■ Assignment: Below is a listing from which only part is wanted; return exactly the lines from the one with "Photography: Tony Florez Photography" up to and including the one with "father in church".

■ Recorded information:
____________________

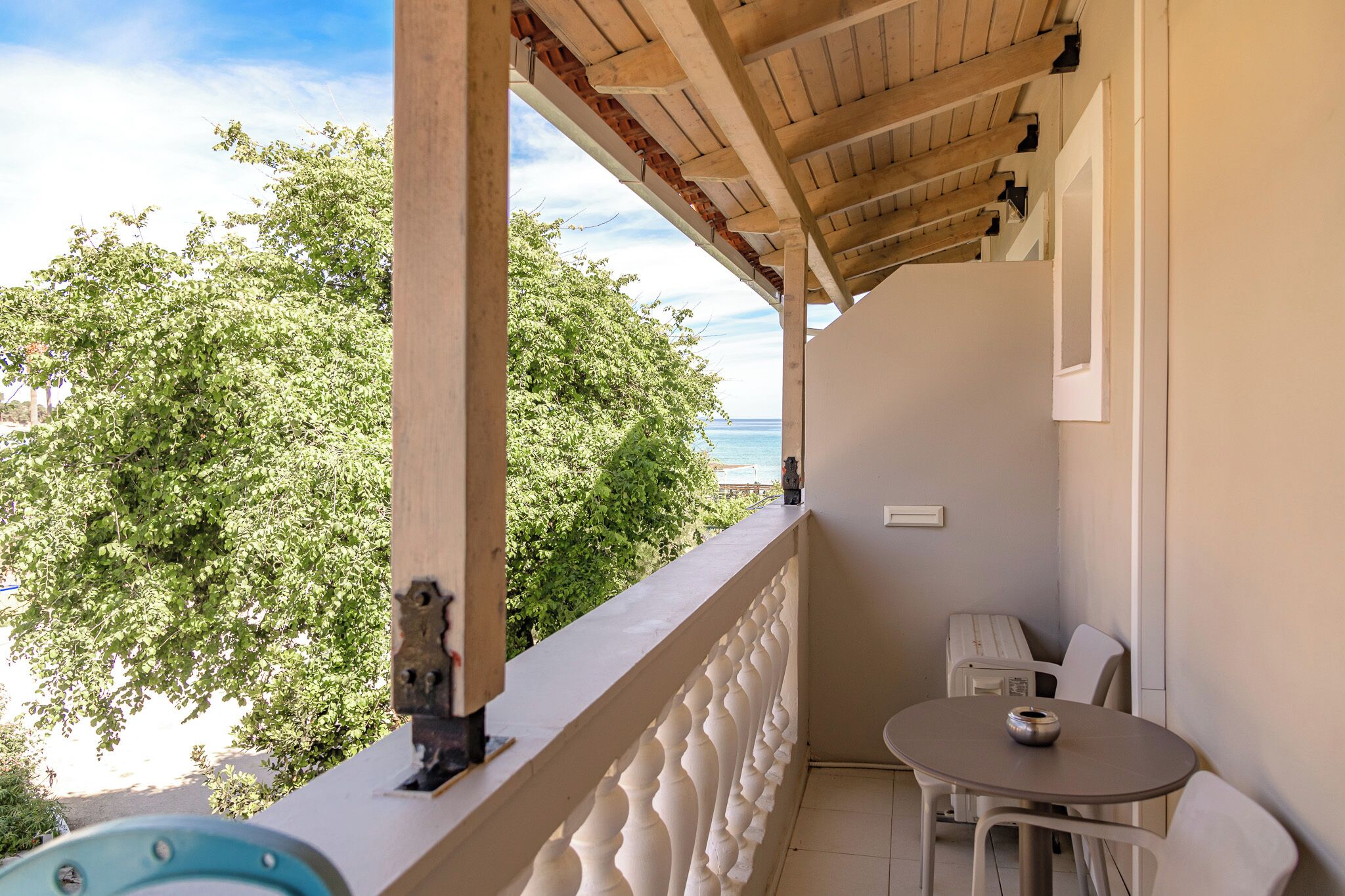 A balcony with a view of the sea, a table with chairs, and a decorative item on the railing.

____________________

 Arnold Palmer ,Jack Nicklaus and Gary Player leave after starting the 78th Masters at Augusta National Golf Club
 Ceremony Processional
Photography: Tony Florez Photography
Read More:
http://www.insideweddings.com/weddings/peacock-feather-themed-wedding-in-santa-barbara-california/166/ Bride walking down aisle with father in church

____________________

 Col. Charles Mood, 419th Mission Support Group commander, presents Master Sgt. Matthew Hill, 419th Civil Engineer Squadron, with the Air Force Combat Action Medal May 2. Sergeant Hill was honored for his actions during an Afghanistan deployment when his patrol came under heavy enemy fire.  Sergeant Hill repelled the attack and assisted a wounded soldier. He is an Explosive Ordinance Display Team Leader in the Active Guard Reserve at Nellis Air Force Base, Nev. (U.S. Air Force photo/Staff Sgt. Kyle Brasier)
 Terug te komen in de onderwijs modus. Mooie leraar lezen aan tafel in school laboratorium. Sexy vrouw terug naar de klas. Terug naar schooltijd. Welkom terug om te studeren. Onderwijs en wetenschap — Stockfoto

____________________

■ Reply to the exercise:
Photography: Tony Florez Photography
Read More:
http://www.insideweddings.com/weddings/peacock-feather-themed-wedding-in-santa-barbara-california/166/ Bride walking down aisle with father in church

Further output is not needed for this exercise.